Answer: Hello there!

first question!

at t = 0 we have a population of 5000.

we want to see how long it takes for the population to double once, twice and three times if:

a) the rate of growth if by 500 people by year:

then the equation of growth is

p (t) = 5000 + 500t where t is years.

now we are seeking for

p (x) = 5000 + 500x = 2*5000 = 10000

x = (10000 - 5000) / 500 = 10

you need 10 years in order to double the population one time.

for the second time:

p (y) = 5000 + 500y = 2*10000 = 20000

y = (15000) / 500 = 30 more years to double twice

the third time:

p (z) = 5000 + 500z = 2*20000 = 40000

z = 35000/500 = 70 years to double three times

b) 5% per year

here the equation is P (t) = 5000 * (1.05) ^ (t) where again t is years. and the 1.05 apears because if the year zero the population is 100%, the next year there are a 105%, and so on.

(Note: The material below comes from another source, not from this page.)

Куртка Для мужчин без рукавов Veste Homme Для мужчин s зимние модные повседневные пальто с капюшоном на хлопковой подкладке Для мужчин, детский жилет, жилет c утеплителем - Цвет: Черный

for double it once we have

p (x) = 5000 * (1.05) ^ (x) = 10000

(1.05) ^ (x) = 10000/5000 = 2

now we need to find the value of t.

ln ((1.05) ^ (x)) = ln (2)

x*ln (1.05) = ln (2)

x = ln (2) / ln (1.05) = 14.2 years

This rate starts slower than the first

for double twice we need to see:

p (y) = 5000 * (1.05) ^ (y) = 2*10000 = 20000

y = ln (4) / ln (1.05) = 28.4

and now is faster than the first.

for it to double three times:

p (z) = 5000 * (1.05) ^ (z) = 2*20000 = 40000

z = ln (8) / ln (1.05) = 42.6 years

second problem:

we have P=300·2t/20, which is weirdly written, but ok, let's solve it.

when t = 0, we replace the value of t in the equation, and we get

p = 300·2*0/20 = 0

when t = 20

p = 300·2*20/20 = 300.2

when does this population reach 1000?

p (x) = 300.2x/20 = 1000

300.2x = 20*1000 = 20000

x = 20000/300.2 = 66.6 years.

Now we can try with another way if writting this that has more sense:

P (t) = 300 * (2^ (t/20))

again, when t = 0

P (0) = 300 * (2^ (0/20)) = 300

when t = 20

P (20) = 300 * (2^ (20/20)) = 300*2 = 600

and we want to finde the number of years x needed to have a population equal to 1000:

p (x) = 300 (2^ (x/20)) = 1000

(2^ (x/20)) = 1000/300 = 3.33

aply ln to both sides:

Ln (2) * x/20 = ln (3.33)

x = ln (3.33) * 20/ln (2) = 34.7 years.